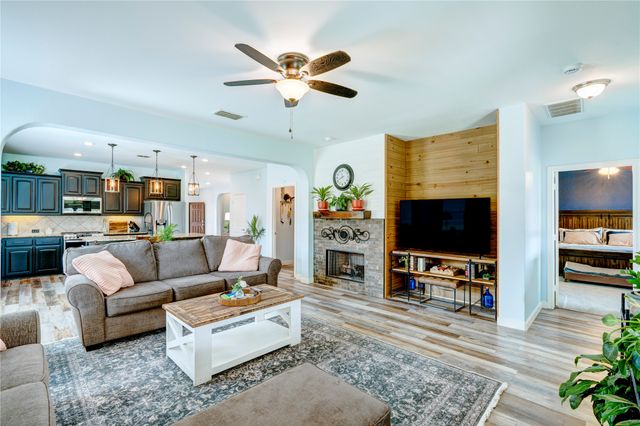 1201 Meadowlakes, Azle, TX 76020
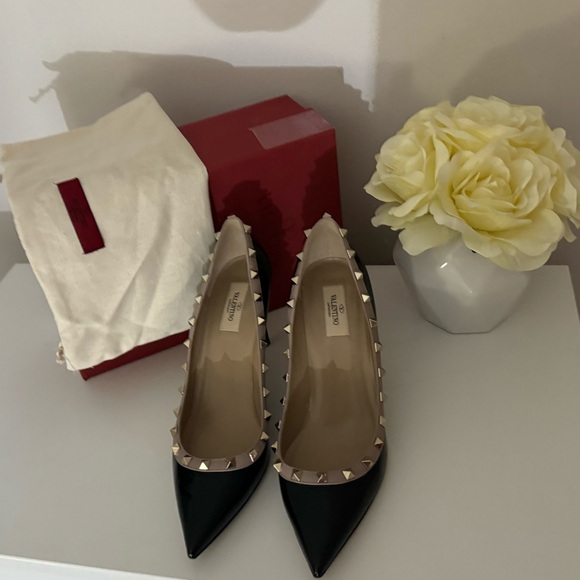 Authentic Size 42 Valentino Rockstud pump/dustbag in great,preowned condition - Picture 6 of 6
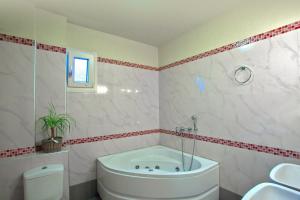 Ένα μπάνιο στο Hotel Maistrali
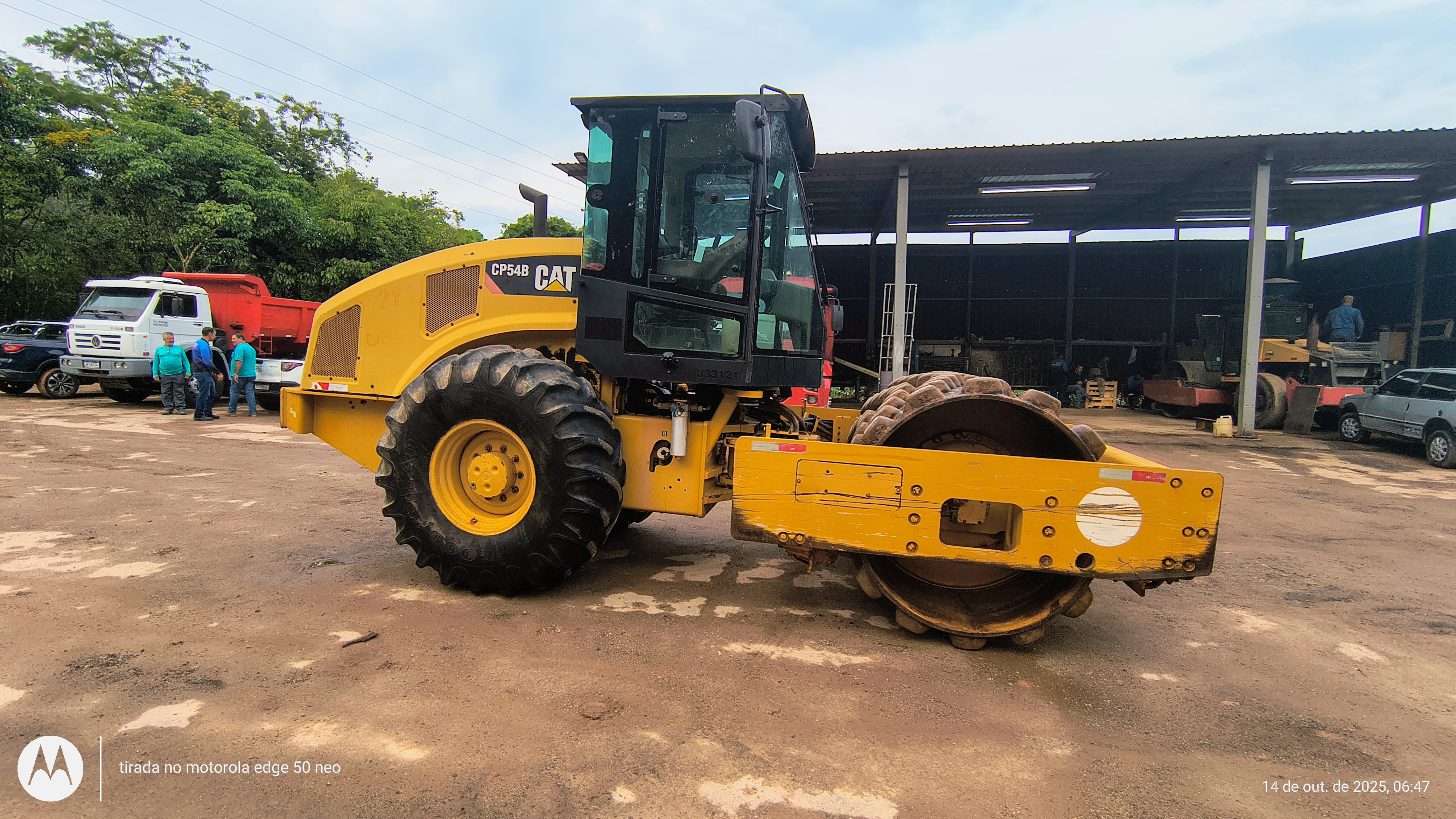 Rolo compactador CAT CP54B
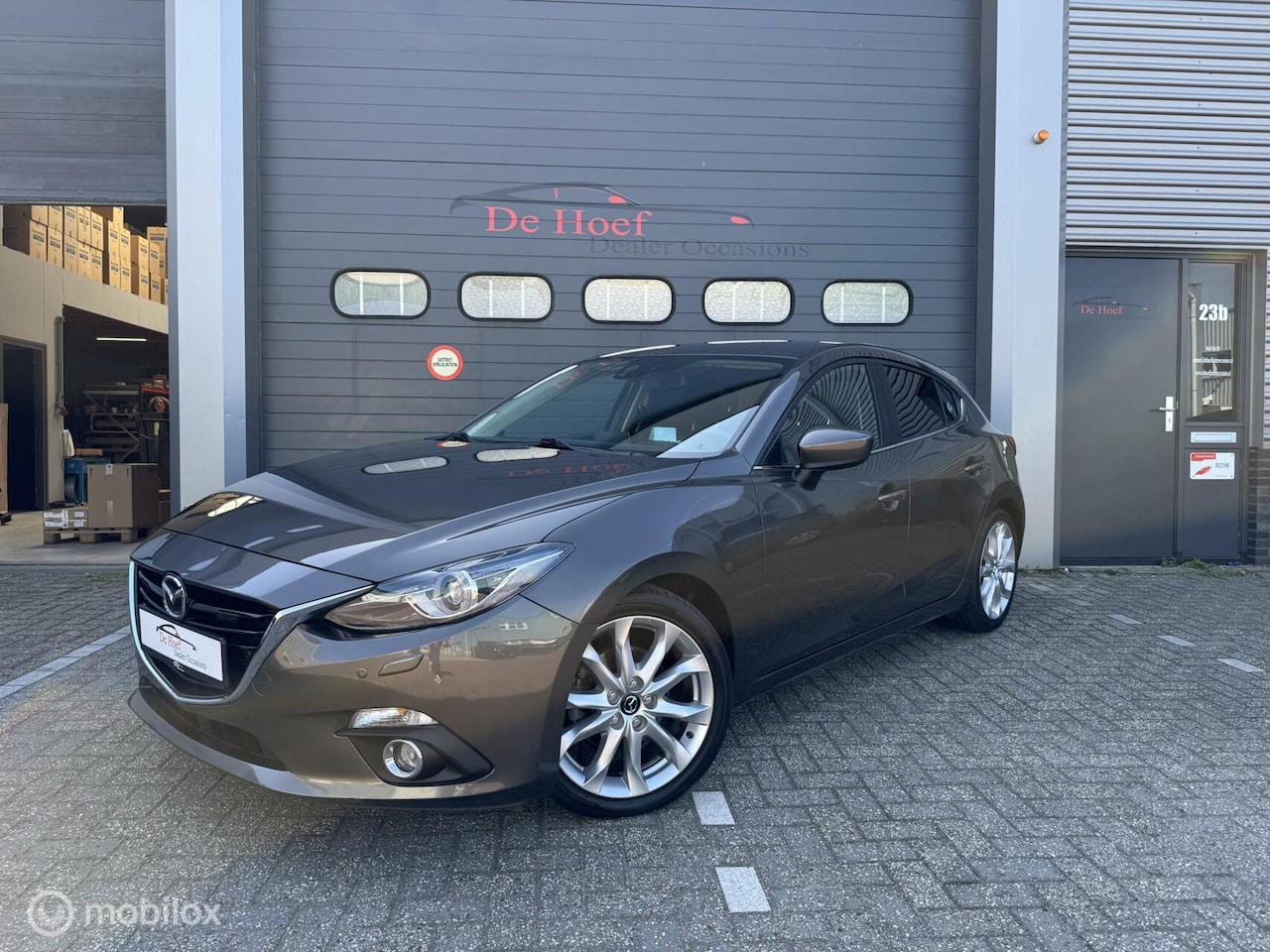 Mazda 3 - 2.0 TS+✓Bomvol opties ✓Nw APK - AutoWereld.nl
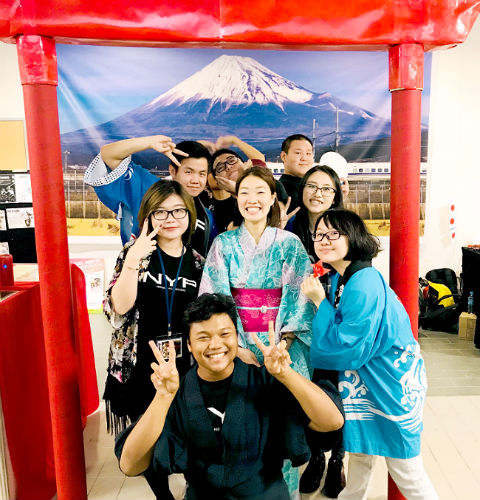 日本語パートナーズ シンガポール 学生たちと記念撮影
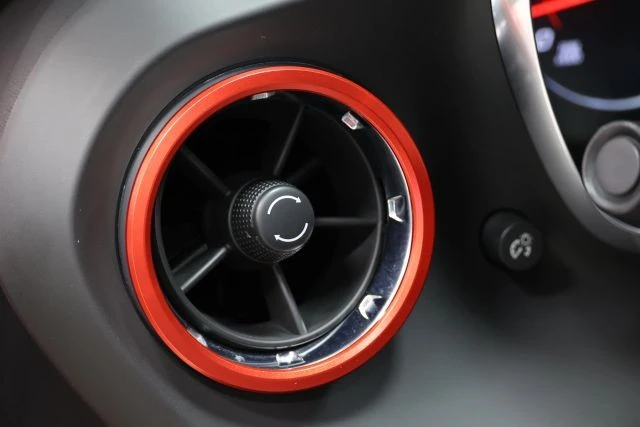 2020 Chevrolet Camaro 6th Gen - Image 21 of 31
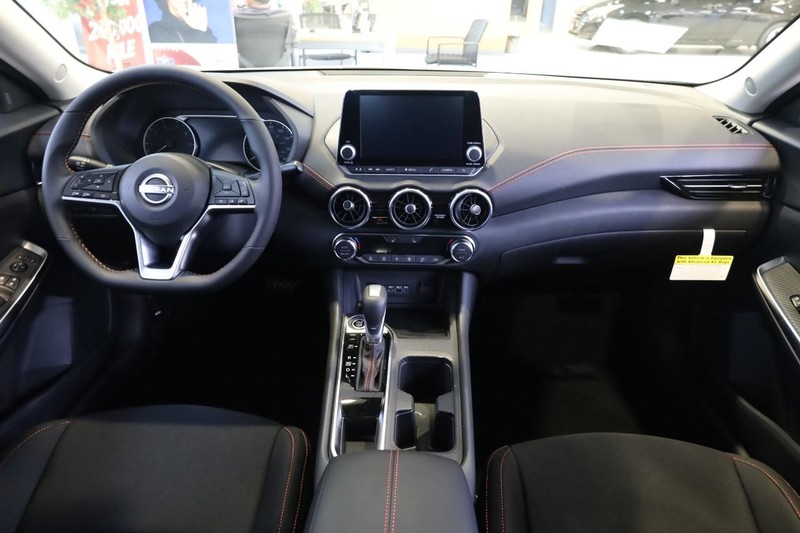 Nissan Sentra Vehicle Full-screen Gallery Image 21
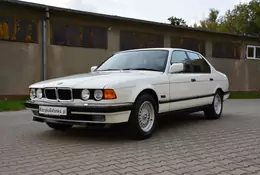 To BMW stało 23 lata w salonie i jest jak nowe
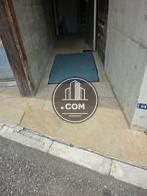 歩道との間に段差はありません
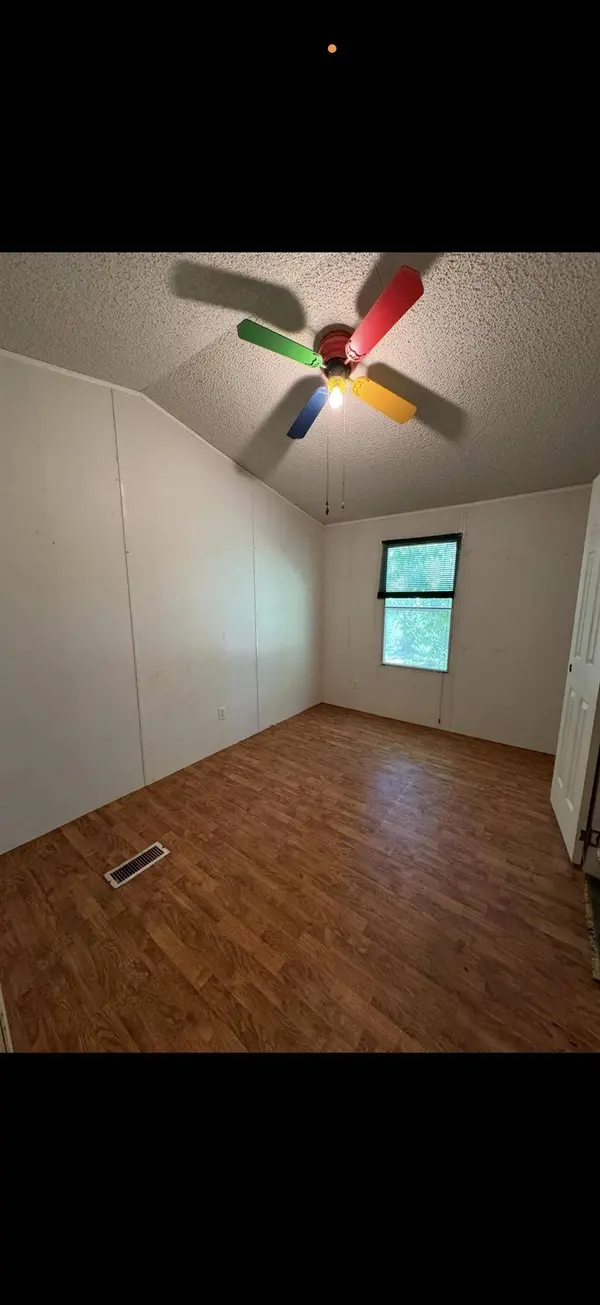 19218 Autumn Dr, Tyler, TX 75703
★ ★ ★ ★ ★ ★ ★
EXERCISE GOAL:
Each line above should be written out again unchanged; no images are to be carried over.

SOLUTION:
 1201 Meadowlakes, Azle, TX 76020
 Authentic Size 42 Valentino Rockstud pump/dustbag in great,preowned condition - Picture 6 of 6
 Ένα μπάνιο στο Hotel Maistrali
 Rolo compactador CAT CP54B
 Mazda 3 - 2.0 TS+✓Bomvol opties ✓Nw APK - AutoWereld.nl
 日本語パートナーズ シンガポール 学生たちと記念撮影
 2020 Chevrolet Camaro 6th Gen - Image 21 of 31
 Nissan Sentra Vehicle Full-screen Gallery Image 21
 To BMW stało 23 lata w salonie i jest jak nowe
 歩道との間に段差はありません
 19218 Autumn Dr, Tyler, TX 75703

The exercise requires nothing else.